The adopted approach to calculate the desired probability is by adding all the individual probabilities up from getting 0 heads in 100 coin tosses all the way to getting 50 heads in the tosses. 

In the for loop, the **combo** variable captures the number of ways the number of heads can appear in the 100 coin tosses while order of the heads does not matter. The combo variable calculates combinations of **100 Choose i**, where i being the number of heads in the coin tosses. 
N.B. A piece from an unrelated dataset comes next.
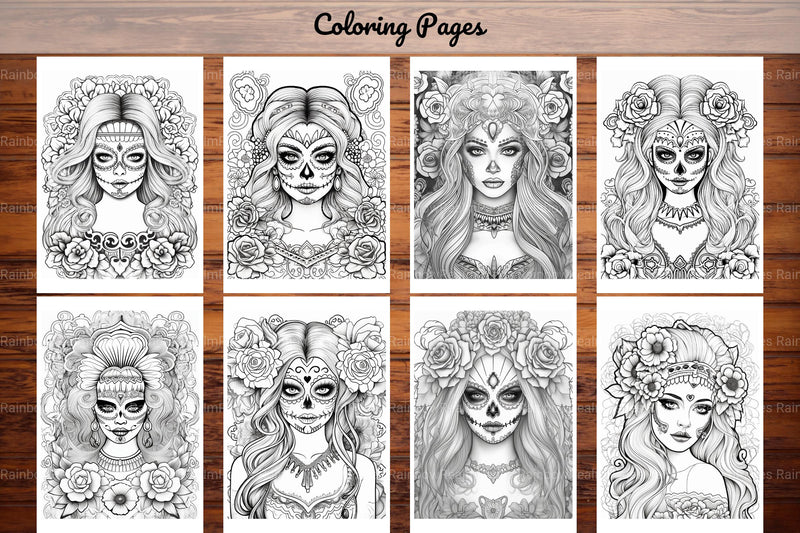 Sugar Skull Girl Coloring Book - CraftNest - Digital Crafting and Art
$$combo = _{100}C_{i} = \frac{100!}{i! (100-i)!}$$

*Note that the value of 100! appears on the top of the fraction is stored as a variable **fact_100** to avoid calculating this number for all the 51 events we are interested in.* 

Then the **cur_prob** variable calculates the probability for flipping i heads out of 100 coin tosses, which is the number of ways i heads can appear in the 100 coin tosses multiplied by the probability of observing i heads with each probability of 2/3 in each toss and observing (100 - i) tails with the probability of $$\frac{1}{3} = (1 - \frac{2}{3})$$. 


Below is the general formula for flipping i heads out of 100 coin tosses with 2/3 probability of getting heads:
$$ \frac{100!}{i! (100-i)!} * \frac{2}{3} ^ {i} * \frac{1}{3} ^ {100 - i}$$


Then by adding all the cur_probs up for each for loop iteration to the **agg_prob** variable, we will get the desired output. In this case, the probability is **around 0.042%**.